The Cleveland Rams shut down for the season. The Brooklyn Dodgers (no relation to the baseball team) and Chicago Cardinals barely held on. And in Pennsylvania, two struggling franchises—one in Pittsburgh, one in Philadelphia—realized they had no other option but to combine forces. It was an uneasy alliance.
The Eagles and Steelers had little in common besides their proximity. Philadelphia’s franchise was still searching for its first winning season, while Pittsburgh had been an NFL doormat since its inception in 1933. Their respective owners, Bert Bell and Art Rooney, agreed to share operations—but drawing up the logistics of a shared team would prove more difficult than they expected.
The result was a Frankenstein-like creation with a name that seemed more like an accident than a branding decision: The Steagles.
Two Coaches, Two Philosophies, One Dysfunctional Team
Merging two teams is one thing.
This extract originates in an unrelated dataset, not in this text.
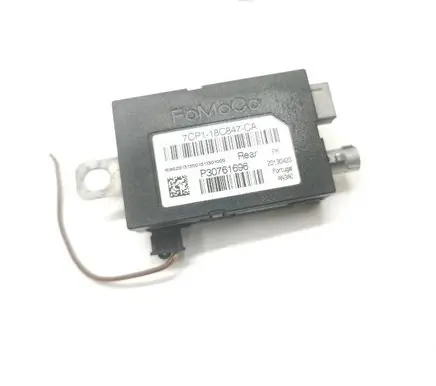 Ford Kuga II Aerial antenna amplifier 7CP118C847CA P30761696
Merging two coaching staffs is another. The Steagles were led by two head coaches: Greasy Neale (Philadelphia) and Walt Kiesling (Pittsburgh). It was, in hindsight, a doomed arrangement.
Neale, a former baseball player with a sharp football mind, was a visionary. He believed in innovation, particularly in the passing game. Kiesling, on the other hand, was a traditionalist—an old-school, run-first, smash-mouth coach.
The two barely spoke. During practices, Neale would install a play. Kiesling would scoff. "That’ll never work," he’d mutter, then call for something else. Disagreements became the norm, and while the team somehow functioned, there was little cohesion.
Then came the players—many of whom had never expected to be on a professional football roster in the first place.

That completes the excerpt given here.